Thee Kvlt Ov Melkor: Antiquity, Tolkien and Black Metal

This piece originally featured in our zine on Tolkien. Order here.

Black metal is typified by elitism, to be sure. Go back to Lords of Chaosdepiction of Euronymous, or mosey on down to Varg’s Twitter, or get in a six-hour comment fight on Facebook with a guy whose bio says “APOLITICAL | MISANTHROPIC | TRVE”, and you’ll bear witness to a culture that focuses not only on being different to the norm or taking pride in its outsider status (as is common in all metal), but explicitly and (sometimes) violently enforces this difference, making the line between in-group and out-group abso-fucking-lutely clear. There are many ways a black metaller can do this, naturally; listening to impenetrable noise partially out of genuine masochism is just the first step. Then comes the spiky wristbands and not washing because “it’s more authentic” to take on the semblance and odour of a dead rodent. But if you want to really step up your game, access that next level of clout, you’re going to have to read The Silmarillion, cover to cover.

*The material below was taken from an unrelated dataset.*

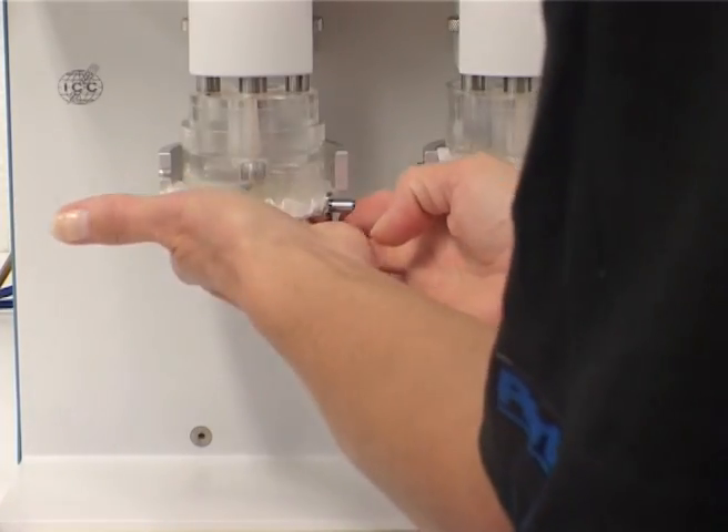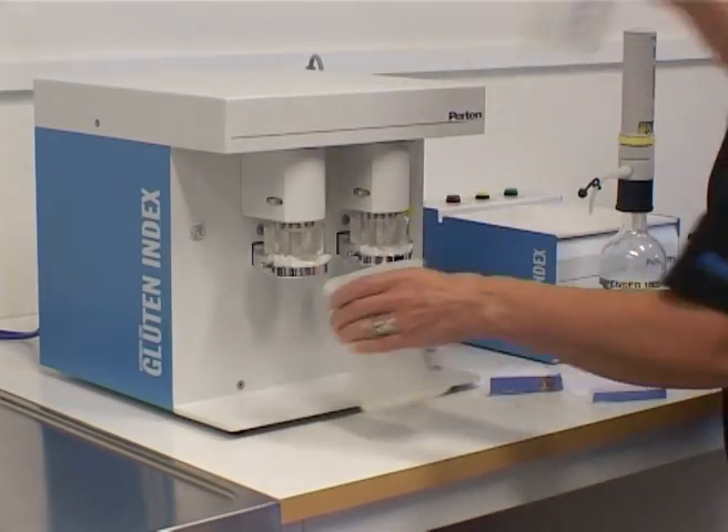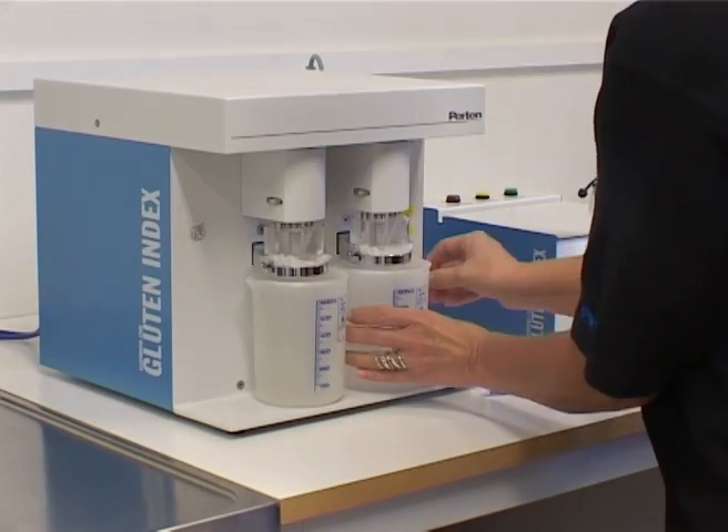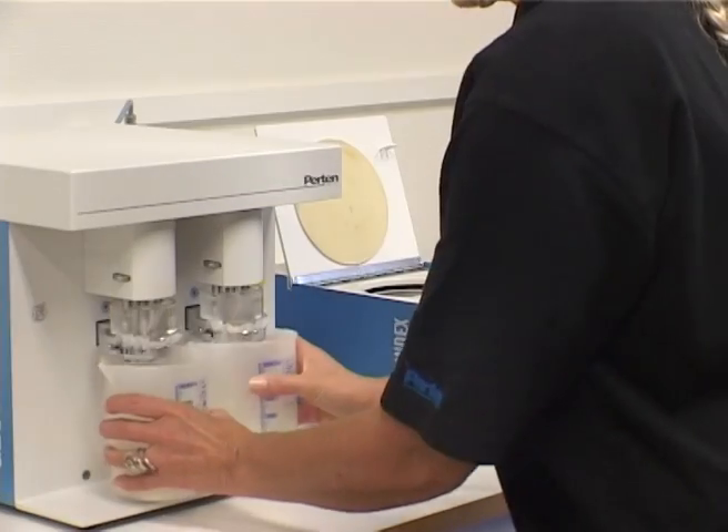Place each wash chamber in its position on the glutamate and the collecting cups under the wash chambers. Press start. When the washing stops, remove the wash chamber.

The enormous success of The Lord of the Rings following paperback publication in the 1960s means that Tolkien’s influence on popular music cannot be said to be confined to metal – see ‘Ramble On’ by Led Zeppelin, or that Ed Sheeran song from The Desolation of Smaug soundtrack. However, it should be noted that Tolkien’s works have been the subject of metal songs since ‘The Wizard’, track two of Black Sabbath‘s eponymous debut, which is an eerily perfect occurrence for the forthcoming discussion – it suggests that Tolkien is truly “at home” in heavy metal. In the 1980s, perhaps the most famous Tolkien-themed band was Blind Guardian, whose classics such as Nightfall in Middle-Earth balanced gorgeous orchestration with thrash-power fury in a bid to convey both the intensity and grandeur that typifies Tolkien’s tales. Of course I’d be remiss if I didn’t mention Cirith Ungol, with last year’s Forever Black a triumphant return for the early power proponents.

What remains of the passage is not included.